Avant d’être l’objet d’un film, Le Potemkine, de son vrai nom, Kniaz Potiomkine Tavritcheski est avant tout un navire de guerre, un cuirassé en acier de la flotte russe. Destiné à être un héros de guerre, il hérité son nom de Grigori Potemkine, militaire russe du 18ème siècle.
Ce massif cuirassier en acier fait partie des cuirassés dits « pré-Dreadnought », construits entre 1890 et 1905 afin de remplacer les navires à coque en fer. Ce massif bateau de 113 mètres de long pour 21,75 mètres de large, comprend tous les éléments d’artilleries des cuirassés de la période : deux tourelles doubles, 16 canons de 152 capables de transpercer les coques des cuirassés ennemis et 5 tubes lance-torpilles de 380 mm.
Sa construction, qui débute en 1898, s’inscrit dans la stratégie d’expansion navale de la Russie pour s’imposer en Extrême-Orient face aux Japonais. Mais en 1905, lorsque le navire est mis à la mer, le contexte politique et militaire a déjà beaucoup évolué. Six ans plus tard, la guerre sino-japonaise bat son plein et la Russie est en déroute face aux Japonais. En août 1904 la flotte de Vladivostok est détruite et le 2 janvier 1905, Port Arthur capitule face au Japonais. Le Tsar Nicolas II est affaibli et c’est dans ce contexte tourmenté que la mutinerie du Potemkine va avoir lieu.

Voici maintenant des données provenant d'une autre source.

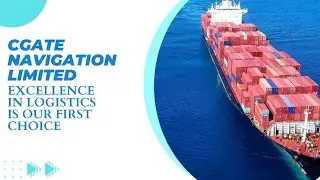 CGATE Navigation Limited &ndash; Excellence in Logistics is Our First Choice!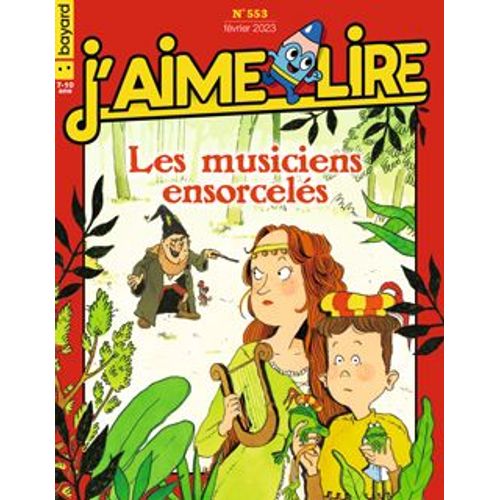 J'aime Lire N°553 - Les Musiciens Ensorceles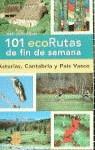101 ECORUTAS DE FIN DE SEMANA ASTURIAS CANTABRIA Y PAIS VASC | 9788408030416 | RODRIGUEZ, JOSE LUIS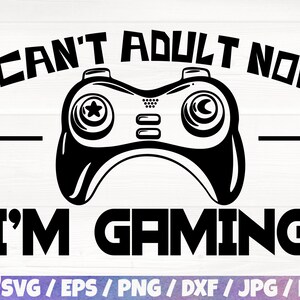 May include: Black and white graphic design with a video game controller and the text "I can't adult now I'm gaming".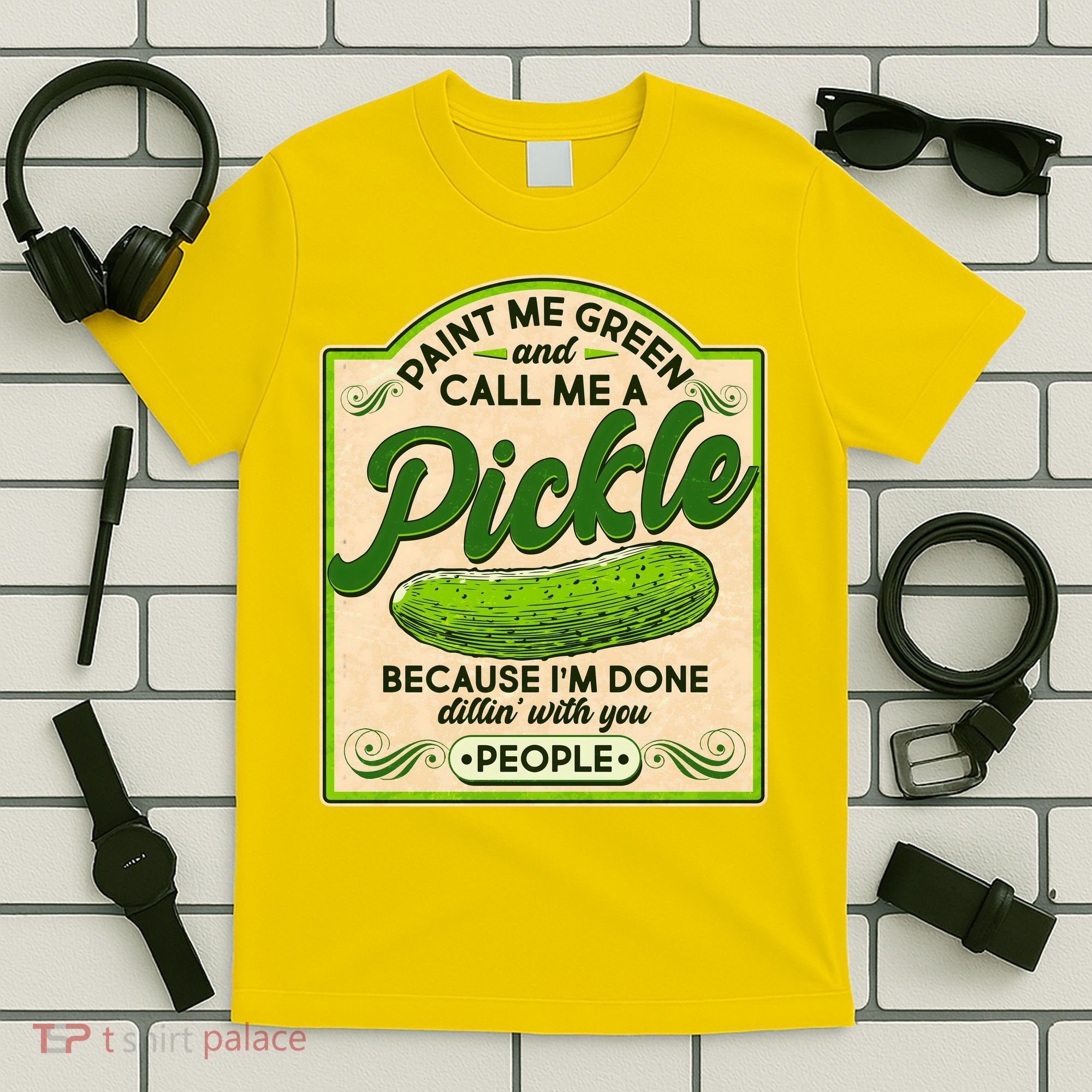 Vintage Paint Me Green And Call Me A Pickle Im Done Dillin With You People T-Shirt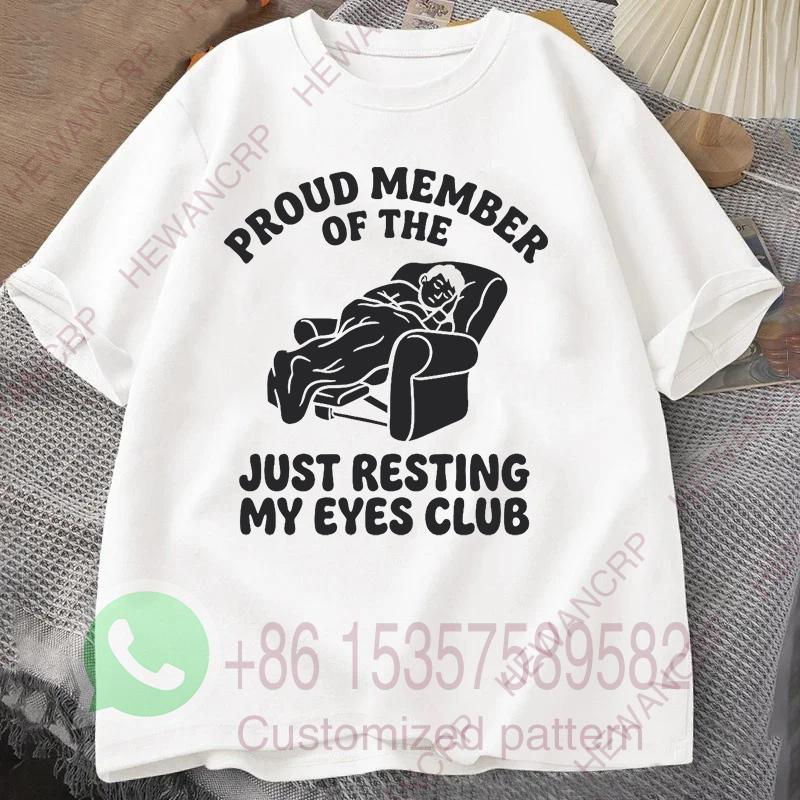 Just Resting My Eyes Club Tshirt Summer Mens Casual Shortsleeved Top Cotton Sportswear Harajuku Pullover Roundneck Tracksuit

Le 27 juin 1905, la mutinerie éclate après qu’un matelot ait découvert que la viande servie à l’équipage était avariée. La situation dégénère rapidement sur le bateau. Les marins refusent de manger la viande avariée et se révoltent. Leur chef est assassiné par le commandant du bateau. En réponse, le commandant est tué, ainsi que certains des officiers, par les marins. C’est une escalade de violence. Le bateau accoste dans la ville d’Odessa, où les ouvriers sont eux même en grève et sévèrement réprimés par la cavalerie cosaque. Les mutins font alliance avec la population et s’insurgent dans la ville le 28 juin. Manifestations, pillages, incendies : la ville portuaire est en sang. L’état de guerre est proclamé. La sédition est durement réprimée et des milliers d’émeutiers sont tués par les cosaques.
La rumeur de l’arrivée de deux escadrons envoyés par le gouvernement pour couler le Potemkine, pousse le cuirassé à quitter la ville. Le Potemkine se rend en Roumanie pour éviter d'être arrêté par le gouvernement russe. Là bas, il est rebaptisé Saint-Pantéleimon. Il retrouvera son nom brièvement en mai 1917, avant de prendre le nom de « Combattants de la liberté » un mois plus tard. Il est détruit en 1919 après que des officiers aient sabordé le bateau à Sébastopol pour éviter aux bolcheviks de s’en emparer…
Fin tragique et injuste pour un bateau qui a eu un rôle clé dans l’Histoire du XXème siècle, en portant les germes de la révolution russe de 1917.
Lénine dira de lui qu’il est "le premier territoire invaincu de la Révolution."